Duane the Frontiersman--Darrel the Yankee and me the Southern Gentleman
A FEW YEARS LATER
I make a flying trip back to Minneapolis to go to a retirement party for a supervisor we all hated.  We bought him a barbed wire toilet seat as a going away present because the way the wire was bent it looked like his name, Vic.  Duane is living on a lake with a boat and every thing.  We drink and enjoy seeing each other again.

Duane and Patti fly out to see us in California and we spend a long weekend at a cabin on Lake Tahoe near Reno.  Went horseback riding and had my first win at a craps table because I followed whatever Duane did.

Duane quits the FAA and becomes a resort hotelier in Ohio or Kentucky.  Did a gig at a Motel 6 in Elko Nevada.  I drove out one winter and we went up into the mountains to shoot our pistols.  I think he had a .357 Magnum and I a black powder .44 Old Army. We drank some water that had until only a moment ago been snow.  Both of us got oxygen high.  He then moves to Florida and begins a driving gig for Miss Daisy in her Rolls Royce.

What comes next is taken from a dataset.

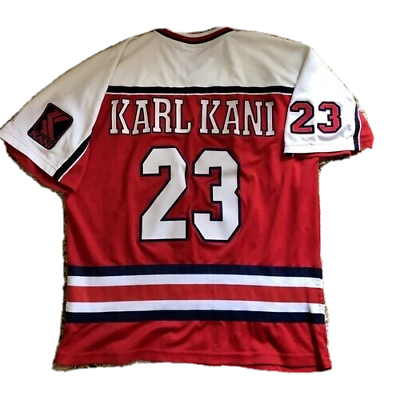 Karl Kani jersey white, Endurance vintage t-shirt 90s hip Karl Kani jersey white, Endurance vintage t-shirt 90s hip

From time to time I get letters from Duane regaling his exploits at the gambling dens in Biloxi.  I feel sorry for the casinos.

The 5th Marines had a reunion down in San Diego.  I flew down from the San Francisco area to meet Duane in LA and then drive on down to San Diego.  We attended a graduation of newly minted Marines at the Recruit Depot where we did our time and hung out with the guys Duane served with at a dinner.  We drank a lot, flirted with our Marine buddies wives, who were foolish enough to bring them, and relived old times.

A couple of years later I fly back to Michigan for something I can't remember why, drove up to see Duane and Patti at a cabin they bought in the middle of Michigan.  We ate some mushrooms I'd scored and watched the rain come down.  Nice rain.  I liked a bowler hat he had and he gave it to me.

TIME AFTER THE FAA
Pals

Fast forward to 2006: I was one of those fired by President Reagan in 1981.  Twenty-five later, I attend a reunion of fired controllers at the Hard Rock Hotel & Casino in Hollywood Florida.  Duane drove down from Orlando and met up with me.  We drove down the state in a Mustang convertible to Key West just to see if I could pass at an Ernest Hemingway look a like beard contest.  Naw, couldn't.  We drank a lot.

Key West
A few years pass and it has become a long time since I've seen Duane so my lovely Margie and I are doing a tour of the United States with plans to stop in Orlando to see my pal.  By this time, he's divorced and has a lady fiend that he services when booty calls happen.  Being the ever-gracious local, he takes us to Wally World also known as Disney World.  Good God It's Hot In Florida.

THE END?
Well, now it has come to the end of a relationship with someone I call my best friend.  We were not born of the same parents but if I had a choice of who would have been my older brother it would have been Duane.  He was and is a good man.  Not perfect but none of us are.  I'm glad to have known him.  He has provided me with many laughs and taught me more things then I really needed to know but have had a better life because he was in it.